Monday, October 17, 2005

What Price Culture?

An OpEd article in this past weekend's edition of the Wall Street Journal by Douglas McLennan, editor of artsjournal.com questions whether the current financial model of arts organizations, increasingly focusing on "business-like" activities such as charging admissions fees, courting underwriters, and running retail shops is artistically appropriate and fiscally sustainable. He contends that the current system is "broken" and a new "model" must be invented.

It's clear that many arts and cultural institutions are stuggling. In my hometown, an institution as world renowned as the Pittsburgh Symphony continues to stuggle even after earning a majority of its operating budget through earned income and garnering salary concessions from its musicians.

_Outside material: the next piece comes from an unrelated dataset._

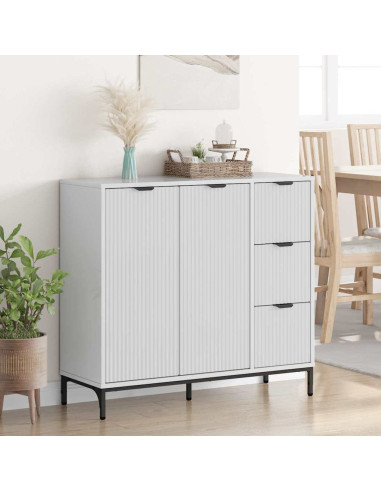 Credenza Bianco lucido 89.5 x 33 x 82 cm Legno multistrato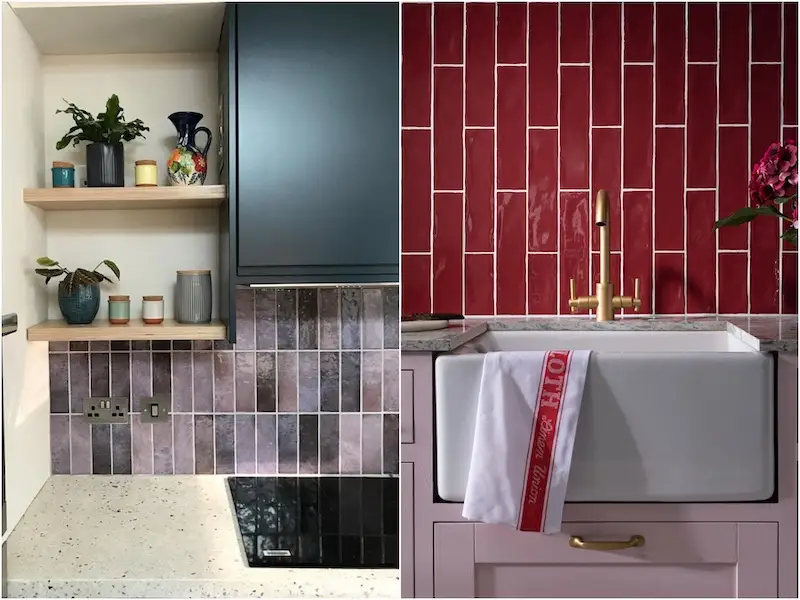 Vertical Metro Kitchen Tiles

However, what Mr. McLennan doesn't do in his article is suggest what a new model for arts and cultural organizations should look like, contending that we're "stretching traditional nonprofit status to the point of breaking". Although I'm not sure that there's is an obvious "answer", I do know that going back to the way the arts were "funded" a generation ago is not a viable solution. For example, patrons in the past had fewer choices on which to spend their entertainment dollars and the exodus out of many urban areas (including my own) over the years has reduced the size of the customer base. The bottom line is that arts and cultural institutions are exposed to market forces like never before and have no choice but to respond in ways that more closely resemble businesses.

Earned income activities not tied to the core mission of the organization, like a coffee shop run by a museum, is not likely to ever generate significant profits. They are mostly stopgap measures. However, social enterprise initiatives intimately linked to mission and run with the intent to make money (like all businesses, there is no guarantee) can not only effectively compete and grow but can also build organizational capacity, supplement other objectives of the organization (e.g., grow membership), and open up new revenue-generating opportunties.

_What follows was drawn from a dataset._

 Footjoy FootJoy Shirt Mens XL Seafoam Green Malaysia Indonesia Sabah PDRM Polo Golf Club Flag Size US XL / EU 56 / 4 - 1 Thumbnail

One of the ventures in the Accelerator's portfolio is the Westmoreland Museum of American Art in Greensburg, PA. Like the organizations described by Mr. McLennan, the WMAA struggles to maintain a preeminent status among regional museums in the U.S. while ensuring its financial sustainability.
Its earned income initiatives, fully supporting the museum's mission to educate people about the art and history of their country, have not only generated increasing financial returns but has resulted in a variety of exciting (and potentially profit-making) partnerships.

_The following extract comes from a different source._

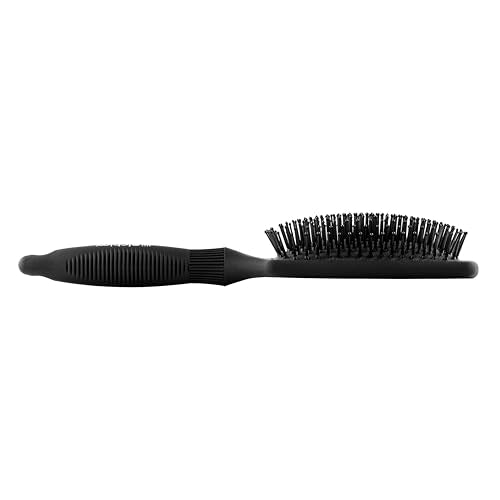 Elchim - Paddle Brush with Pneumatic Rubber Cushion and Ergonomic Handle – Lightweight Detangling and Styling Brush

For example, the Westmoreland was the premier show in the Visionaries eleventh season of profiling socially innovative individuals and organizations around the world for PBS and the Wisdom Channel. Entitled American Art-Alive and Well the episode is described as:



Bonded by an extraordinary personal event, a small group of people transform a stodgy old museum into a vibrant place pulsating with the energy of young people discovering art, history and music for the first time. The music of the NewLanders a group of Pittsburgh area musicians and songwriters who have researched and rediscovered songs written by, and about, the people of southwestern Pennsylvania is part of that story.
The business model for arts and cultural institutions may have outlived its usefulness but I would contend that the future still looks a lot like the present, with more of the very best and most relevant practices of the private, public, and citizen sector injecting life into a critical aspect of society.